4 Mayıs 2013 Cumartesi

Evet, galiba manyağız


Gazeteler önceki gün Sinop Nükleer Santralı'nı Japon Mitsubishi Heavy Industries ve Fransız Areva ortaklığının yapacağını yazmıştı.
Başbakan bugün Japonya Başbakanı ile Sinop’ta Akkuyu’da yapılması planlanan NÜKLEER SANTRAL anlaşmasını imzalayacakmış. Hatta bu haber Paris Borsasını zıplatmış. Pekala biz niye Paris Borsasını zıplatmaya uğraşıyoruz. Ki Japonlar, Fukuşima’dan sonra 50 reaktöründen 48’ini çalıştırmazken niye Japonya’dan nükleer santral satın almaya çalışıyoruz. Bilen var mı???
Yani Hükumetimiz santrali en çok kazanın olduğu ilk 5 ülkeden 2 tanesinin ortaklığına yaptırıyor. Diğeri ile de görüşmelerini sürdürüyor. Listeye dikkatlice bakıldığında görülecek İlk 5 ülkenin dışında kalanlar nükleer defterini çoktan kapatmış ülkeler. Ve kaza sayılarının 25 yıllık durumuna baktığımızda sayıların azalmasının en önemli nedeninin Dünya’nın büyük kısmının NÜKLEER’den vazgeçmesinden kaynaklı olduğu da görülüyor.
İşte tamda bu yüzden işi başka kimse yapmıyor ki iş onlara kalmış durumda. İlla bir Borsa zıplayacaksa Paris Borsası olmadı, Tokyo Borsası o da olmadı, Moskova Borsası zıplayacaktı zaten.
Aslına bakarsanız dünya atmosferinde radyasyon var zaten ve genel olarak bir insan, bir yılda hava ve topraktan da radyasyon alıyor. Ancak belli bir düzeyin üzerinde radyasyona maruz kalmak, kanın kimyasını değiştiriyor, bulantıya yol açıyor, kusma yapıyor, saçları döküyor, ishal yapıyor, kanama yapıyor tedavi uygulanmazsa, 2 ay içinde ölüm, iç kanama ile ise 1-2 haftada ölüm gerçekleşiyor.

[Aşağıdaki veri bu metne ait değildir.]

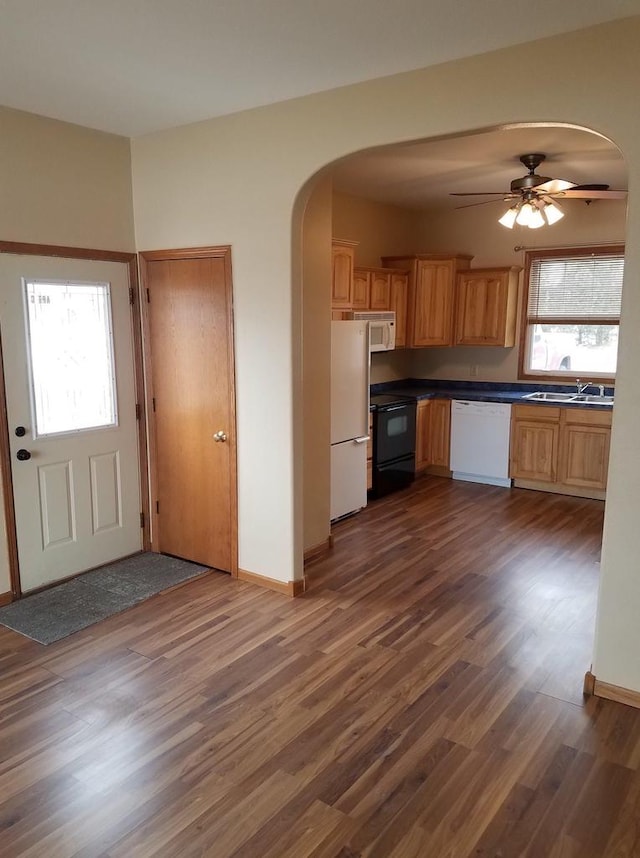 kitchen with a sink, white appliances, dark countertops, arched walkways, and dark wood finished floors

Çernobil nükleer santralindeki kazadan sonra dünyayı dolaşan radyasyon bulutları Trakya’da ota, süte; Karadeniz’de çaya, fındığa, suya radyasyon bulaştı. Etkilerinin sonuçları tam olarak bilinmiyor.

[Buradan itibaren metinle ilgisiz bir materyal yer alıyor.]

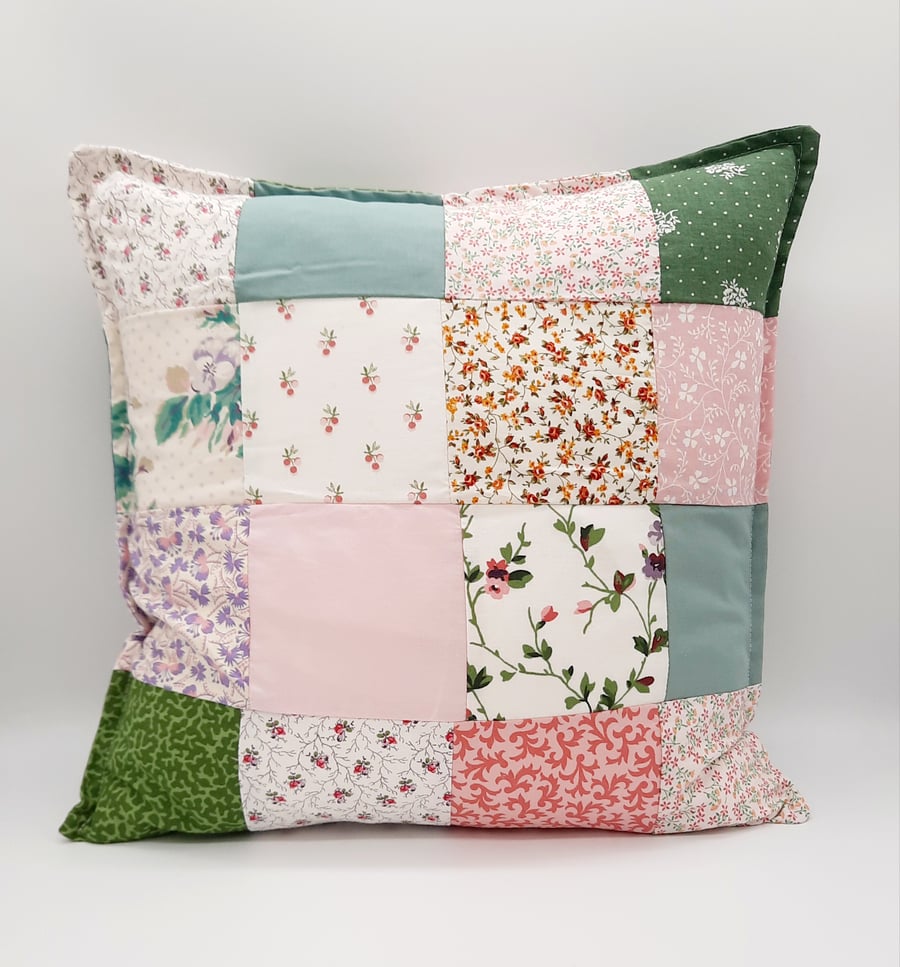 Patchwork cushion cover with zip. Pink and green theme.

Ama buna karşın bazı “uzmanlar” var ki : “Karadeniz’de kanserden ölenlerin sayısının artmasının Çernobil’le bir ilgisi yok. Bunlar nükleer karşıtlarının uydurması. Öyle olmasaydı bugün hükumet Mersin ve Sinop’ta nükleer santral kurmaya çalışmazdı. Türkiye’den kilometrelerce ötede meydana gelen bir nükleer kazanın ülkeyi nasıl etkilediğini görür, bu topraklarda nükleer santral kurulmasını istemezdi. Çernobil nükleer kazası Türkiye’yi etkilemiş, Türk Tabipler Birliği’nin dediği gibi Hopa’da ölümlerin yüzde 47’si kanserden olmuş olsaydı, hükümet Ruslarla, Fransızlarla nükleer santral pazarlığı yapmazdı. Manyak mıyız biz?
Çernobil’in radyasyon dolu bulutları yıllar önce ülkemiz topraklara uğramış olamaz. Öyle olsaydı, İtalya gibi yapar nükleer santralleri k defterini o zaman kapatırdık. Nükleer santrallerini kapatma kararı alan Belçika, İspanya, Almanya veya İsviçre’nin yolundan giderdik. Ya da Yunanistan, İrlanda, Norveç, Danimarka gibi bu işe hiç bulaşmazdık." diyorlar.


Öte yandan bir de ironi var ki pes dedirtiyor. Nükleer Santrali olmayan Türkiye, İstanbul İkitelli’de 1999’da meydana gelen olayla “dünyanın en önemli 20 radyoaktif kazası” listesine girmiş.
Daha santral olmadan, olunca ne olacak Allah bilir.